Gubernur DKI Jakarta Fauzi Bowo Februari lalu melansir sebuah pernyataan tentang rencana uji coba trotoar percontohan di beberapa tempat di Jakarta. Dia menyatakan penertiban akan dimulai bulan ini.
Fauzi mengajak berbagai pihak terlibat dalam perumusan dan pelaksanaan di lapangan. Salah satu tokoh yang diundang adalah Marco Kusumawijaya, pendiri sekaligus Direktur Ruang Jakarta (RUJAK): Centre for Urban Studies, sebuah lembaga yang fokus pada kajian tata kota.
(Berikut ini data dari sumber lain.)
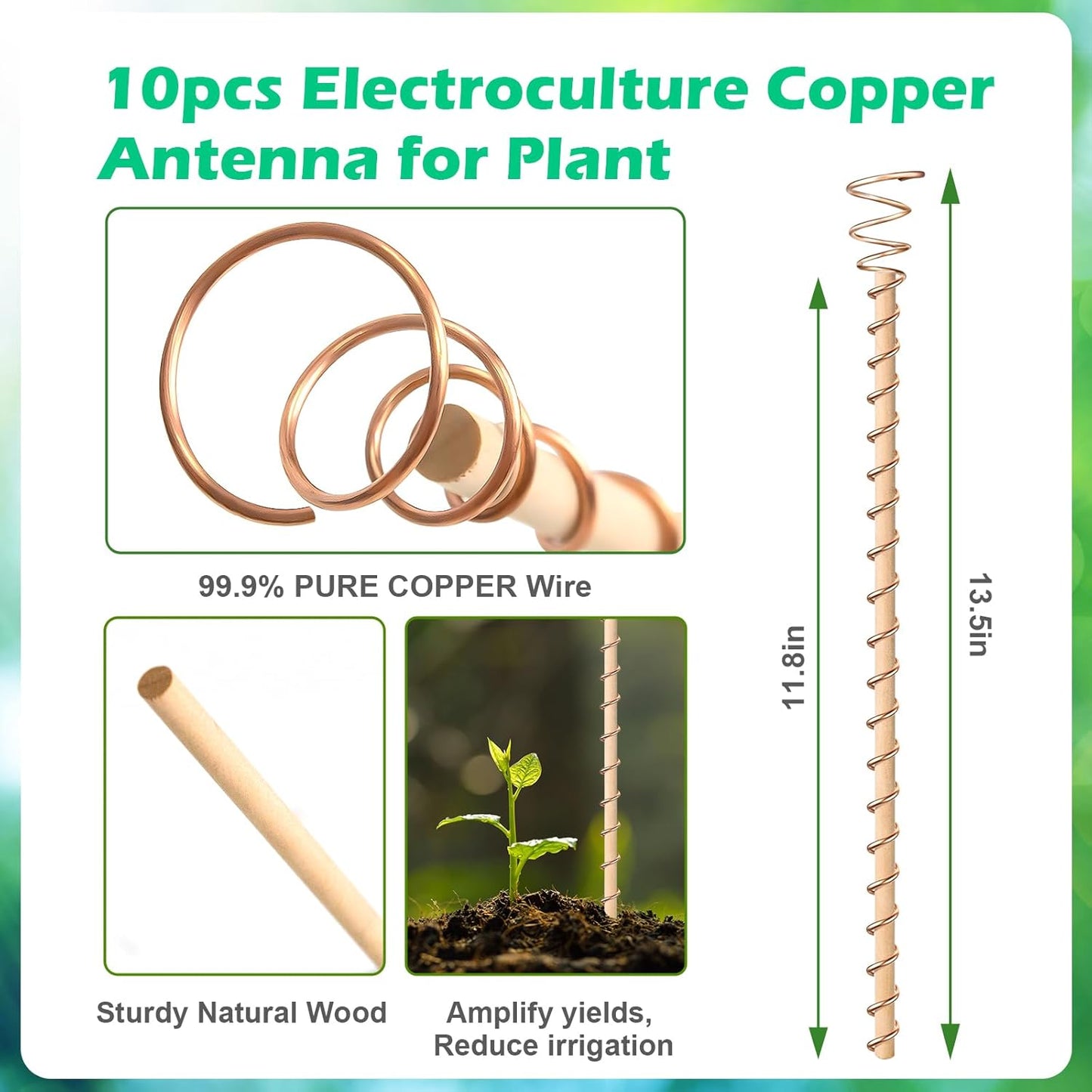Electroculture Plant Antennas – Copper Energy Stakes for Next-Level Growth (10 Pcs)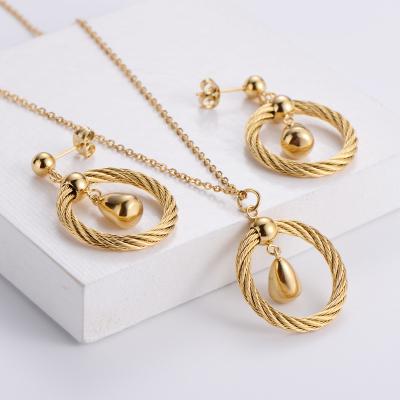 China AMI Water Drop Necklace And Earrings Ladies CLASSIC Jewelry Sets Dubai Gold Plated Jewelry for sale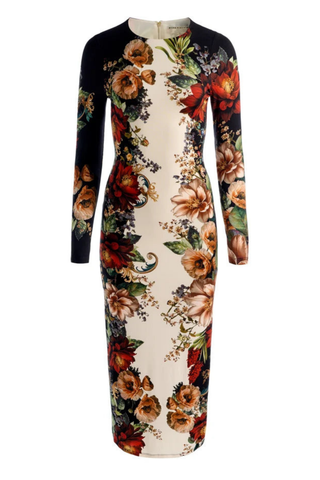 Alice + Olivia Delora Midi Dress in Floral Radiance featuring a multicolor floral print, long sleeves, and fitted midi silhouette.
Saat ditemui di kantornya di kawasan Menteng, Jakarta Pusat, pada Kamis siang pekan lalu Marco mengaku hanya diundang sekali membahas hal itu oleh Badan Perencana Pembangunan Daerah (Bappeda) atas nama Gubernur. “Iya saya diundang, itu tanggal 28 Maret, kemudian saya bicara tentang semua masalah trotoar dan tata ruang seperti dalam forum yang mengundang saya atau dalam tulisan blog saya, tidak ada bedanya,” ujarnya kepada merdeka.com dibarengi tawa panjang.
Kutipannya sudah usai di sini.